Consistent Eulerian and Lagrangian variational formulations of non-linear kinematic hardening for solid media undergoing large strains and shocks

Abstract

In this paper, two Eulerian and Lagrangian variational formulations of non-linear kinematic hardening are derived in the context of finite thermoplasticity. These are based on the thermo-mechanical variational framework introduced by Heuzé and Stainier (2022), and follow the concept of pseudo-stresses introduced by Mosler and Bruhns (2009). These formulations are derived from a thermodynamical framework and are based on the multiplicative split of the deformation gradient in the context of hyperelasticity. Both Lagrangian and Eulerian formulations are derived in a consistent manner via some transport associated with the mapping, and use quantities consistent with those updated by the set of conservation or balance laws written in these two cases. These Eulerian and Lagrangian formulations aims at investigating the importance of non-linear kinematic hardening for bodies submitted to cyclic impacts in dynamics, where Bauschinger and/or ratchetting effects are expected to occur.
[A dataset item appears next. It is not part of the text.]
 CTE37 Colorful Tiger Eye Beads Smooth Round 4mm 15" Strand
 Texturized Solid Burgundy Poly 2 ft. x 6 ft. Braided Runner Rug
Continuous variational formulations of the local constitutive problems as well as discrete variational constitutive updates are derived in the Eulerian and Lagrangian settings. The discrete updates are coupled with the second order accurate flux difference splitting finite volume method, which permits to solve the sets of conservation laws. A set of test cases allow to show on the one hand the good behavior of variational constitutive updates, and on the other hand the good consistency of Lagrangian and Eulerian numerical simulations.